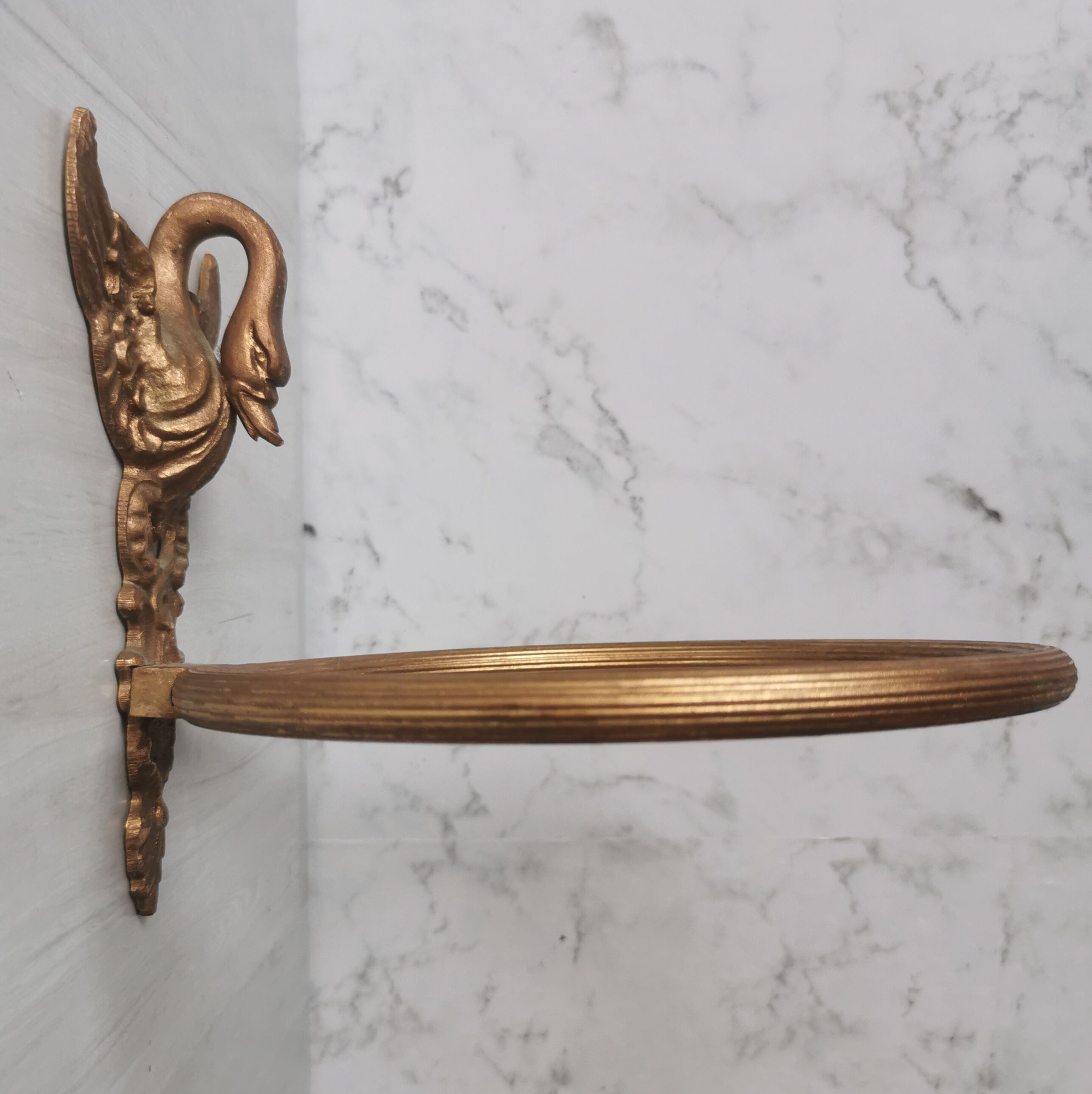 Brass swan head towel rack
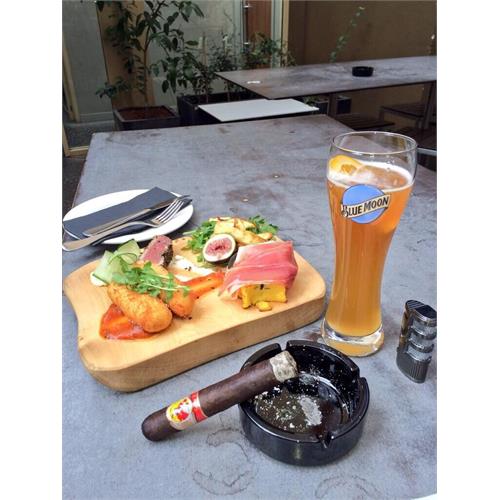 La Gloria Cubana Serie R Maduro No. 6 5 7/8 * 60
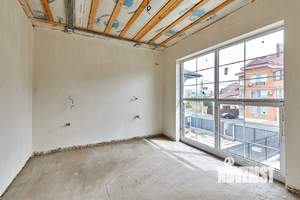 Коттедж 180м², 2-этажный, участок 5 сот.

TASK REQUIREMENTS
Every line of the data above should be quoted exactly. Omit the pictures.

REPLY TO THE TASK
 Brass swan head towel rack
 La Gloria Cubana Serie R Maduro No. 6 5 7/8 * 60
 Коттедж 180м², 2-этажный, участок 5 сот.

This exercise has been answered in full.